Make it work
About half way to the store the other day one of my slippers (the right one) decided it had enough and tried to kill me (unsuccessfully). Stranded, I was left with little option on how to finish my grocery run - I certainly didn’t want to walk half-bare-foot back home, get shoes, and go back… but I also didn’t want to walk half-bare-foot to the store and back.
Instead of losing my cool, I took a moment to assess what I had, examine options and weigh risks. Looking around I found a piece of twine, and figured I could jerry-rig a fix that would hold for one last store run. I took a few moments to tie it through the hole in my slipper, put it back on, and finished out my chores.
Very frequently I find myself in similar positions at work - something breaks (frequently at the last possible second on some Really Important Thing), and I’m asked to help fix things. When it does, I take the same approach as I did with my slipper:
Step back and breath
Look around
Examine Options & weigh risks
Execute
Step back and breathe
It’s really common for adrenaline to spike when something goes wrong. I tend to feel this as a quick pulse of energy and the jitters, and it can make it harder to make good decisions. Luckily almost nothing I do in tech (hopefully the vast majority of us in tech) has life-or-death consequences in the next few minutes (hopefully not ever!), so I can take the time breathe and calm down (or calm down my partner). This allows me to figure out what the problem actually is, and to help set me up for success in the next steps.
In the case of my poor slipper - This took the form of recovering my balance, kneeling down and taking a few breaths (and hope no one saw my inelegant stumbling).
In the case of a system - This takes the form of taken a few breaths and remembering the world isn’t ending (assuming you’re not a missile command officer). This includes helping your partners, who are likely feeling a lot of heat, take a breath and get perspective.
Look around
Once I calm down a bit, I look a round and see whats REALLY going on. Many times I get reports that XYZ system is entirely offline, or that ALL users are having a problem. Now why these things are certainly possible, it would require a large system failure (which are hopefully very unlikely!). Due to the less-than-likely nature of these problems I take the time to quickly investigate. I keep a list of everything I see, including items that are working properly, so I can make the best assessment possible.
It can certainly be hard to do this, especially if your partner teams are screaming that everything is broken and the company’s going under (it’s not). You should always ask for as much information as they can provide (e.g. screenshots, what error message, how many reports, etc), but if they do come at you in a panic, help them take a breath (step #1). Having a calm business partner will effectively give you two (or more) sets of eyes, making it easier to isolate the real challenge.
In the case of my slipper - I dug through my backpack and looked around on the ground for anything that might help.
In the case of systems
Can you open the website that is “entirely down”?

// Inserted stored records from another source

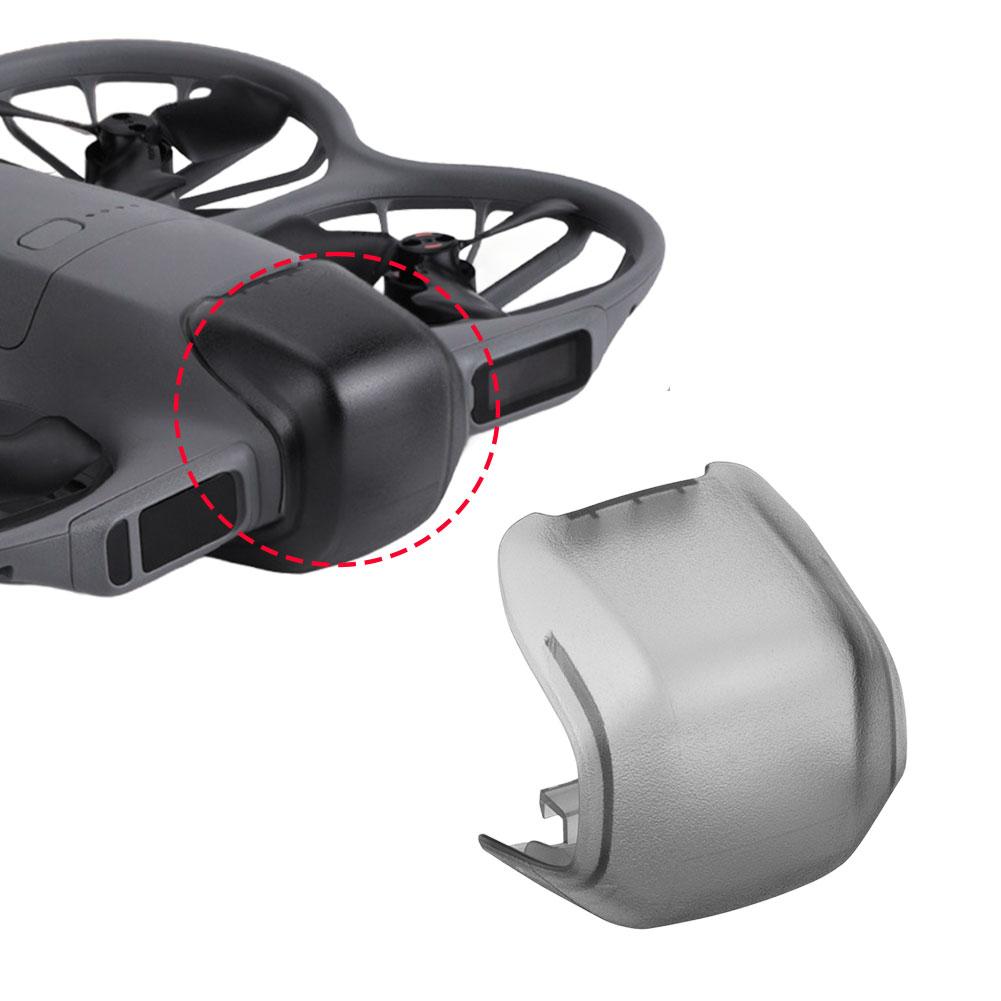 2026 New Gimbal Protector Guar - Drone Camera Case 评论和价格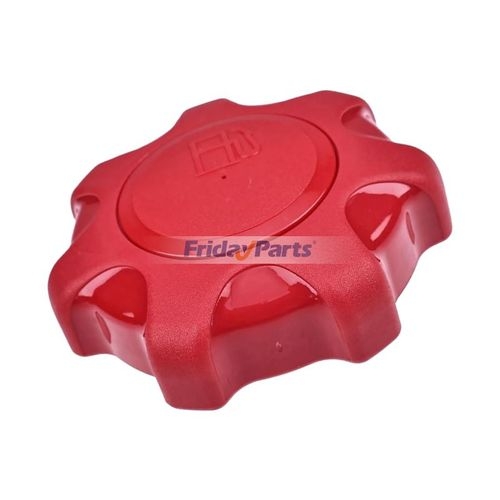 2X Fuel Tank Cap AM123508 For John Deere 1023E 1026R 2210 4010 4110 2X Fuel Tank Cap AM123508 For John Deere 1023E 1026R 2210 4010 4110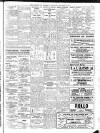 Liverpool Journal of Commerce Wednesday 02 September 1925 Page 9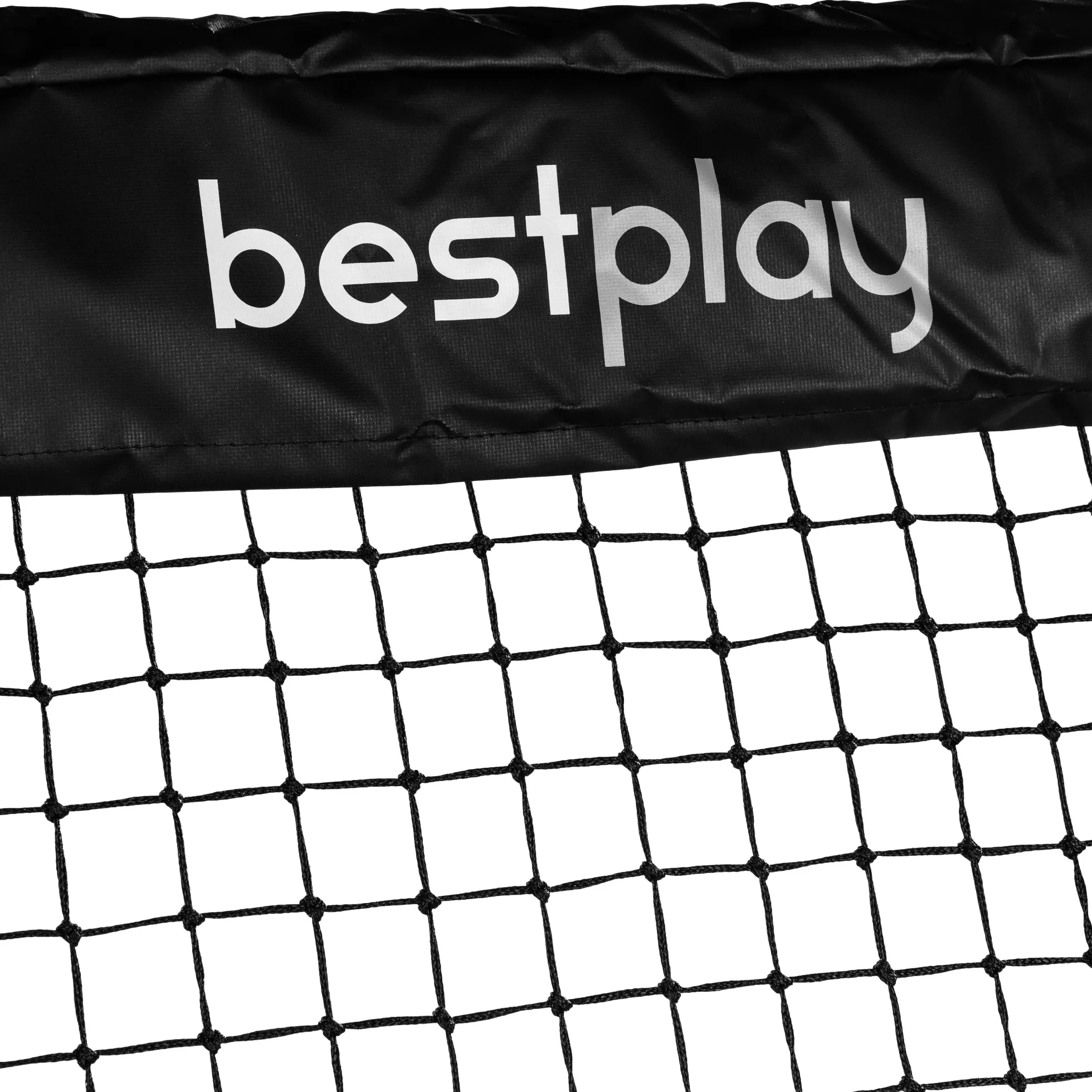Bestplay rebounder 170x170cm
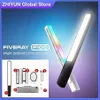 ZHIYUN FIVERAY F100 100W RGB...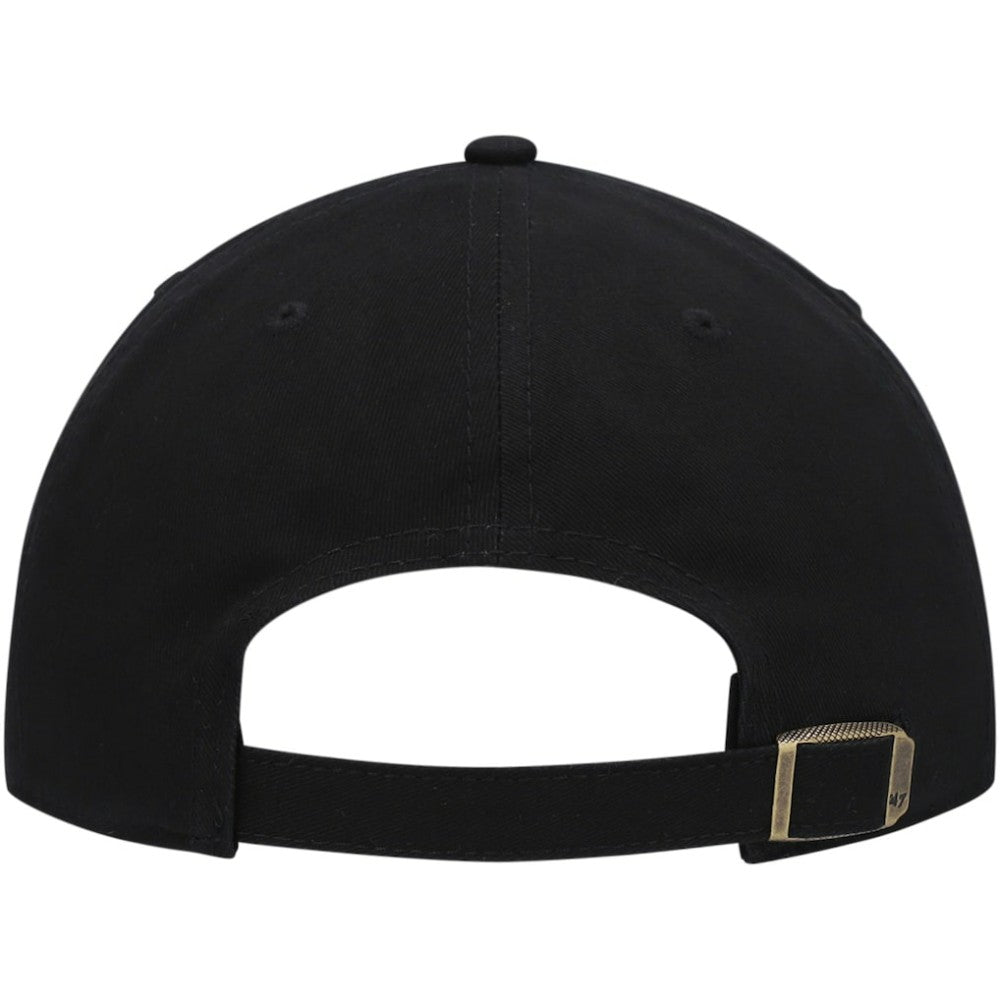 Vegas Golden Knights '47 Women's Team Miata Clean Up Adjustable Hat Outlet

Can you find any examples that contradict the reports? e.g. if ALL paychecks are wrong, can you find any that are?
Can you replicate the problem? if not, can you connect directly with who experienced it?
Examine Options & Weigh Risks
Taking the time to look around and really see what’s going on helps set up some options. You’ll get a good feel for what resources there are, who’s around, and (if you’re lucky) that cause of whatever happened. These options may be good, or they may be terrible, but the important thing is to sit down and list them out. Even better, if you have some team members around enlist their help. Their differing experience and outlook can help find solutions you cannot currently see.
While you’re listing out possible solutions, also take time to consider the risks to those options. Yes, a manual adjustment may fix things, but what down stream impacts are there? Sure, having a partner team in Japan do something while you’re asleep might help, but will they have enough context/info to execute? This process may also help uncover other options, or help other ideas shake out of your overall process.
In the case of my slipper - I dug through my backpack for anything that could help (sadly no extra shoes), and looked around on the ground for string or something similar. Another option would be to call an Uber.
In the case of systems:
Are there other teams / individuals who can help shoulder the load temporarily?
Do they have enough info to be truly helpful?
Is there a manual workaround that can be used until the problem is fixed?
What problems can come up if it is used?
Execute
Once you’ve determined what options are available it’s time to act. Depending on the situation execution can result in a lot of fast movement, or single simple change. For me this is the most nerve-wrecking part, but since you’ve already taken the time to determine your options and risks just stick to the plan! That said, remember that no plan survives contact with the enemy, so you may need to quickly adjust or modify pieces of it. This can require rapid iterations of the plan, so ensure your partners know what’s going on and make it happen.
In the case of my slipper - I tied the twine through the hole in my slipper and made two loops. It was awkward, and I had to stop every so often to adjust, but it worked!
In the case of systems - Every situation is different, but this can take the form of building reports to monitor progress, double checking UATs, and (always!) over-communicating how things are going with stakeholders.
Making it happen
These short-cycle situations are always nerve-wrecking. Someone is usually very animated and likely putting pressure on you to get things done. Even though it takes a bit longer, this approach will not only help get better results, it will show your partners you know what to do. Over time this helps build trust, and will make everyone’s lives a little bit better.